Exercise
Once the line containing "Akustik Musiqi və" is found in the entries below, reproduce it and every line after it, stopping at and including the line containing "Football Tamasha: Ranbir, Abhishek\'s"; reproduce nothing else, and keep each line exact.

::: Input data :::

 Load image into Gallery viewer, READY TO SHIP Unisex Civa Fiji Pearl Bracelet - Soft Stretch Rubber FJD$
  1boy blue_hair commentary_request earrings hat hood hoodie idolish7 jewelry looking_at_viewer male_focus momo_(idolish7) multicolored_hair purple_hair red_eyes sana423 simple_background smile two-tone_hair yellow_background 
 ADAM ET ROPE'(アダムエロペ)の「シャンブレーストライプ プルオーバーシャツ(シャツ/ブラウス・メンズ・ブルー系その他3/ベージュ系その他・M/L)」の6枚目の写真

:::
::: Input data :::

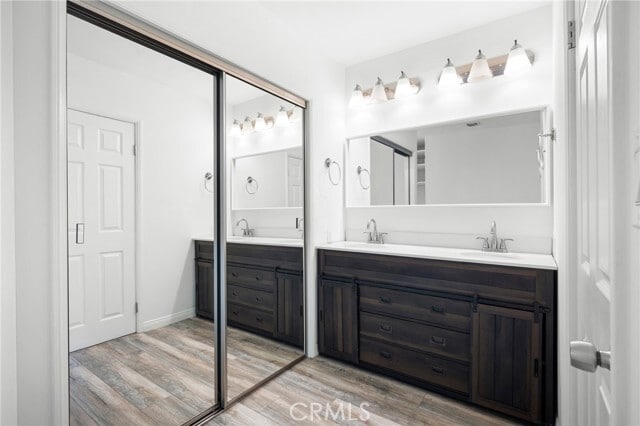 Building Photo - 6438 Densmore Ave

:::
::: Input data :::

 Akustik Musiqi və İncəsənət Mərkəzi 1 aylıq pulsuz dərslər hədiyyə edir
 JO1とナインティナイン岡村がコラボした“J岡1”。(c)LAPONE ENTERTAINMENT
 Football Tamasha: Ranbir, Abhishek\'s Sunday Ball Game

:::

Response box
 Akustik Musiqi və İncəsənət Mərkəzi 1 aylıq pulsuz dərslər hədiyyə edir
 JO1とナインティナイン岡村がコラボした“J岡1”。(c)LAPONE ENTERTAINMENT
 Football Tamasha: Ranbir, Abhishek\'s Sunday Ball Game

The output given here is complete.